Input data:
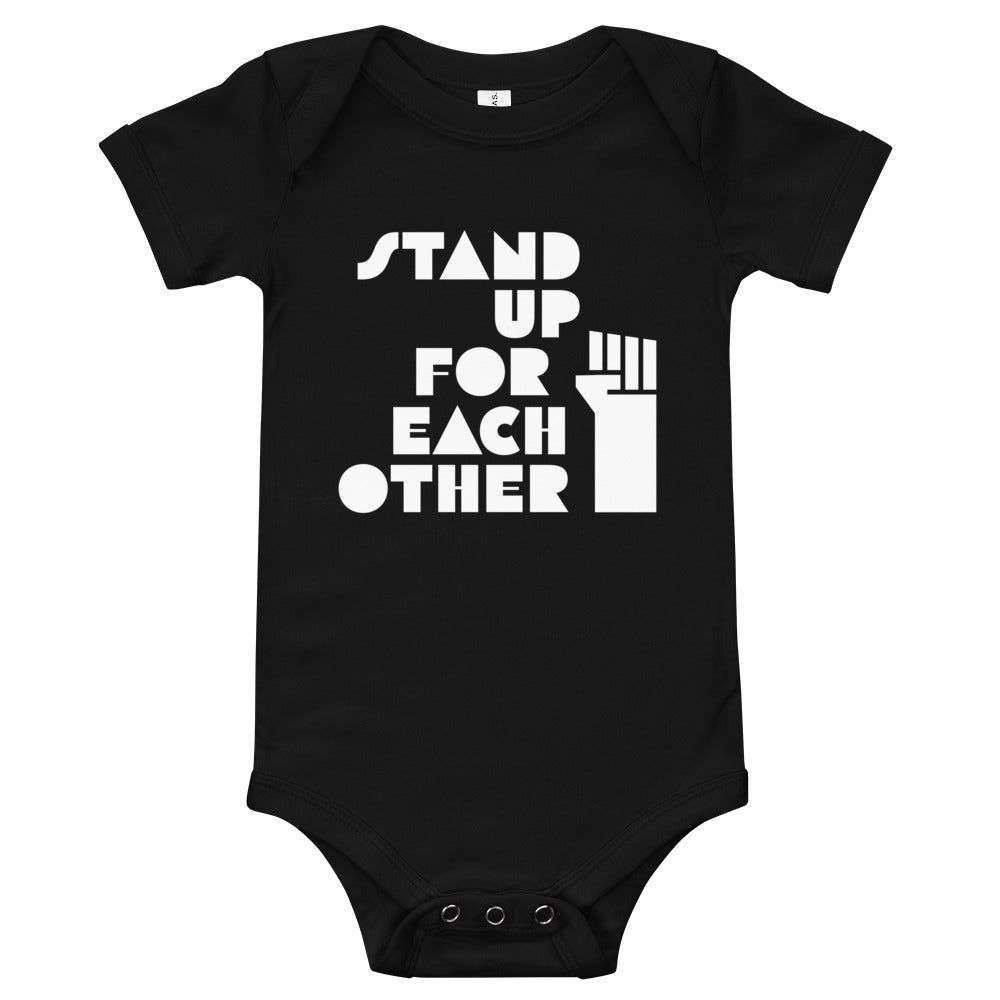 Stand Up For Each Other Social Justice Baby Short Sleeve Onesie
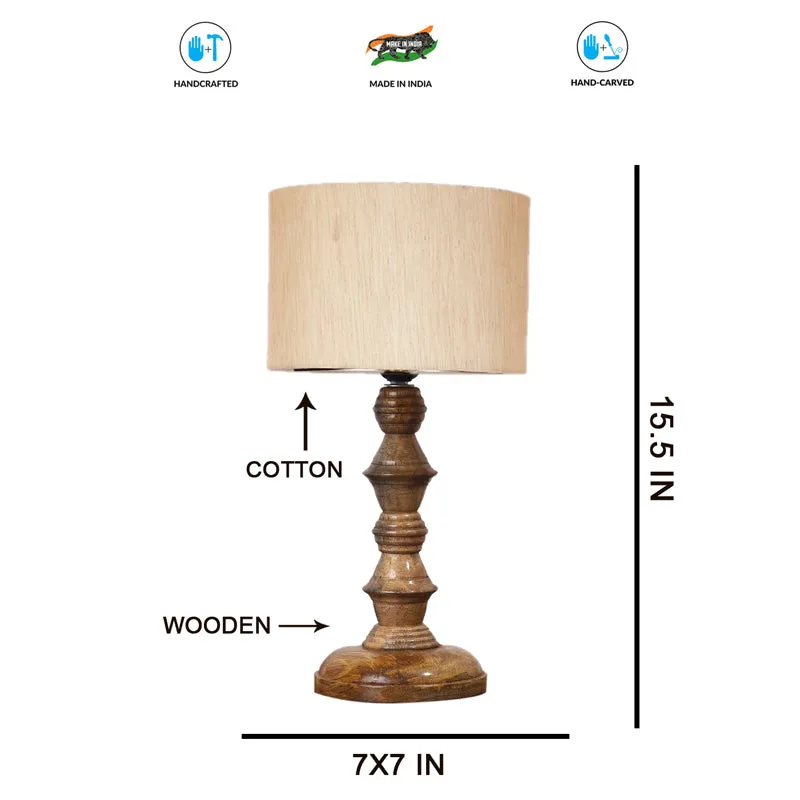 Cotin I Timber Wooden Table Lamp - Beige,Brown media 7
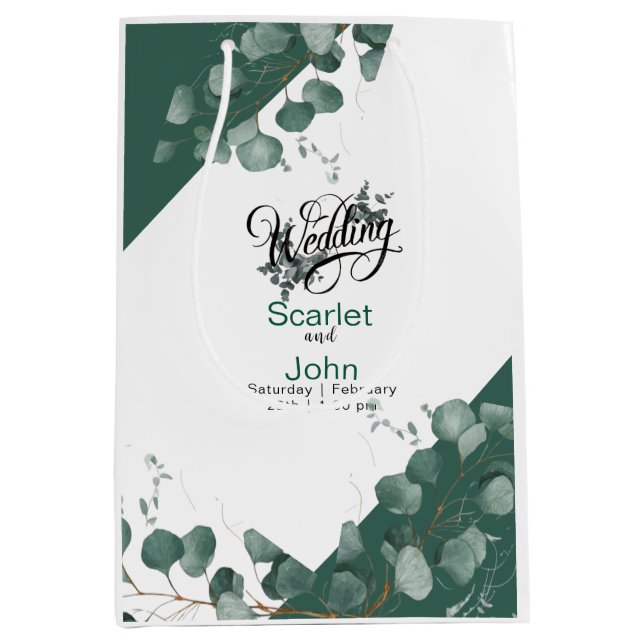 Bolsa De Regalo Mediana Boda de eucalipto verde verde de la salvia acuátic (Anverso)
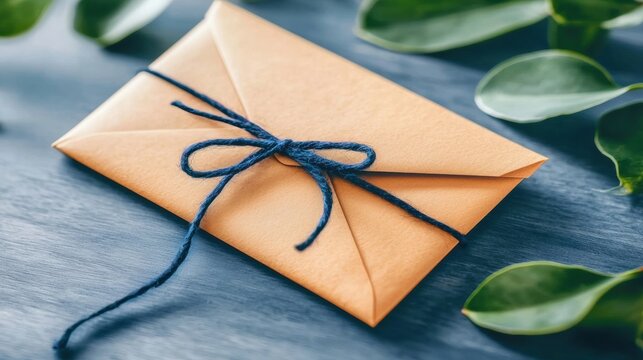 Envelope with a blue ribbon tied in a bow.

Required action: All of the data above must be printed exactly, minus its pictures.

Expected output:
 Stand Up For Each Other Social Justice Baby Short Sleeve Onesie
 Cotin I Timber Wooden Table Lamp - Beige,Brown media 7
 Bolsa De Regalo Mediana Boda de eucalipto verde verde de la salvia acuátic (Anverso)
 Envelope with a blue ribbon tied in a bow.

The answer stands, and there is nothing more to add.